= Psychiatric Genomics Consortium =

Consortium of psychiatric genomic researchers

The Psychiatric Genomics Consortium (PGC) is an international consortium of scientists dedicated to conducting meta- and mega-analyses of genomic-wide genetic data, with a focus on psychiatric disorders. It is the largest psychiatric consortium ever created, including over 800 researchers from 38 countries as of 2019. Its goal is to generate information about the genetics of psychiatric conditions that will be "actionable", that is, "genetic findings whose biological implications can be used to improve diagnosis, develop rational therapeutics, and craft mechanistic approaches to primary prevention". The consortium makes the main findings from its research freely available for use by other researchers.

==History==
The PGC was founded in early 2007, originally as the Psychiatric Genome Wide Association Consortium. One of its founders was Patrick F. Sullivan (UNC School of Medicine), who now serves as its lead principal investigator. It was initially a branch of the Genetic Association Information Network, a public-private partnership aimed at researching the genetics of human disorders in general.

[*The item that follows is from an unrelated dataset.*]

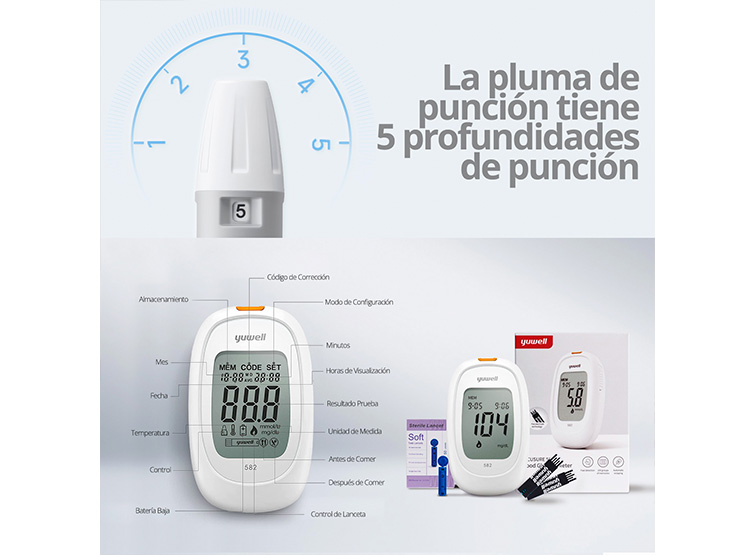 GLUCÓMETRO YUWELL 582 MEDIDOR GLUCOSA GLICEMIA 50 CINTAS 50 LANCETAS - 8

For its first four years of existence, the PGC focused on autism spectrum disorder, attention-deficit hyperactivity disorder, bipolar disorder, major depressive disorder, and schizophrenia. It also initially focused only on finding common single nucleotide polymorphisms that were associated with psychiatric disorders. Since then, it has expanded its scope to include other disorders, as well as less common forms of genetic variation such as copy number variation.

==Findings==
Research from the PGC has shed light on the genetic architecture of psychiatric disorders generally, as well as demonstrating the viability of the genome-wide association approach for specific disorders such as schizophrenia and bipolar disorder. The consortium has also identified 108 genetic loci that are consistently associated with schizophrenia. In addition, its findings have pointed to significant pleiotropy across psychiatric disorders, with many common alleles influencing the risk of multiple such disorders.